Decided: August 11, 1939

Jerry Giesler and Ward Sullivan, both of Los Angeles, for appellant. Earl Warren, Atty. Gen., Eugene M. Elson, Deputy Atty. Gen., and Buron Fitts, Dist. Atty., of Los Angeles County and Jere J. Sullivan, Deputy Dist. Atty., both of Los Angeles, for respondent.

Defendant was charged in count I of the information with the crime of negligent homicide, in violation of section 500 of the Vehicle Code, St.1935, p. 173, in that he caused the death of Frank Coleman Joyce while negligently driving an automobile. In count II the same charge was made except that defendant was accused of causing the death of Patricia Marian Kelly. Verdicts of guilty were returned on both counts and defendant appeals from the order denying his motion for a new trial.
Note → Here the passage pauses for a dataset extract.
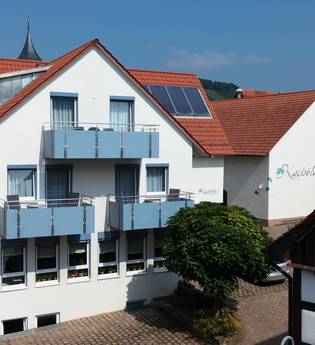 Kachelofa Weinstube Pension | © Land der 1000 Hügel - Kraichgau-Stromberg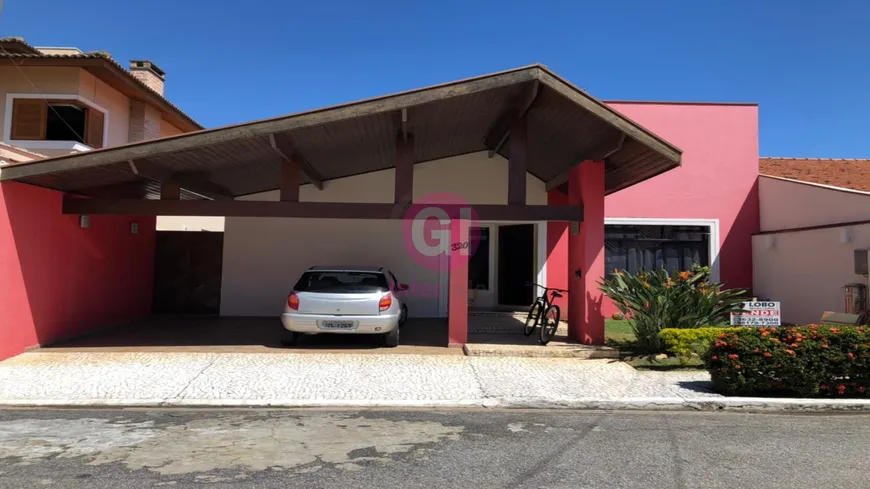 Foto 1 de Casa de Condomínio com 3 Quartos à venda, 300m² em Vila das Jabuticabeiras, Taubaté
It was established at the trial that on August 27, 1938, defendant was driving an automobile on Sunset boulevard in Los Angeles and struck the two decedents when they were walking across the boulevard in the pedestrian's marked crosswalk. Two or three cars were ahead of the car driven by defendant and the two pedestrians stopped to let them pass and as they proceeded defendant's car struck them. Since no claim is made that the evidence is insufficient to support the verdict finding defendant guilty of the offense set forth in section 500 of the Vehicle Code, it will be unnecessary to set forth the circumstances in detail.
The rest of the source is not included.